全国準Vも「勝てたんじゃないかって」 女子野球屈指の右腕が新球習得で目指す頂点

「現役はあと何年しかない。新しい挑戦を始めました」

 もっとも、一口でスライダーと言っても状況によって投げ分けはしている。「速いスライダーと少し遅いスライダーで緩急を使い分けたり、指のかかりの浅いスライダー、大きく曲げるスライダー……。スライダーの中でも投げ分けているので、キャッチャーは大変だと思います(笑)」。どの場面でどんなスライダーを投げるのか、捕手との呼吸を合わせるためにも普段からコミュニケーションは欠かさない。

 これまではストレートとスライダーを巧みに組み合わせた配球で三振を狙っていたが、「簡単に三振を取れなくなってきてしまった」。そこで野球を始めて20年目を迎える今年は新球種を加え、打たせて取るスタイルにモデルチェンジを図ることにした。気になる新球種とは……。

「カーブを練習しています。曲がる球(スライダー)はあるので、落ちる球がほしいと思って。難しさを感じる時もありますが、年々レベルが上がってくる中で勝つためにはスタイルを変えることも必要。私も年なので(笑)、今シーズンは打たせて取るスタイルで、守備から流れを作りながら、野手のみんなに打ってもらいたいと思います」

 以前にも新球種に挑戦したことはあったが、体への負担が大きく道半ばで諦めていた。だが、チームでは田中幸夏に次ぐ年長となり、「年も年ですし、現役はあと何年かしかない。できることをやろうと、体のケアを万全にしつつ、新しい挑戦を始めました」と胸を張る。

 チームも今季から新たな一歩を踏み出した。昨年まで監督を務めた元日本ハム・阪神の岡部憲章氏は総監督となり、日本代表の中島梨紗監督が新監督に就任。ヘッドコーチには阪神などでプレーした星野おさむ氏を迎えた。

 中島監督は現役時代、クラブチームの「侍」や女子プロ野球の「埼玉アストライア」で投手として活躍。日本代表としてワールドカップ5大会に出場するなど、女子野球発展を支えた立て役者の1人でもある。引退後は国内外で指導経験を重ねた。
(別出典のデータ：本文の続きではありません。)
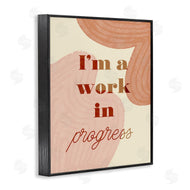 Stupell Studio | Work In Progress Phrase Abstract Warm Shapes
 監督自らノックバットを振りながら、それぞれのプレーが持つ意味を解説したり、選手に考えさせたり。選手たちの学びたいという姿勢が前面に現れ、練習は自然と活気づく。田中自身も「いろいろな知識が増えましたし、これからもっと増えると思う。みんなの知識が増えれば、さらにチームがレベルアップすると思うと楽しみでワクワクします」と大きな目を輝かせる。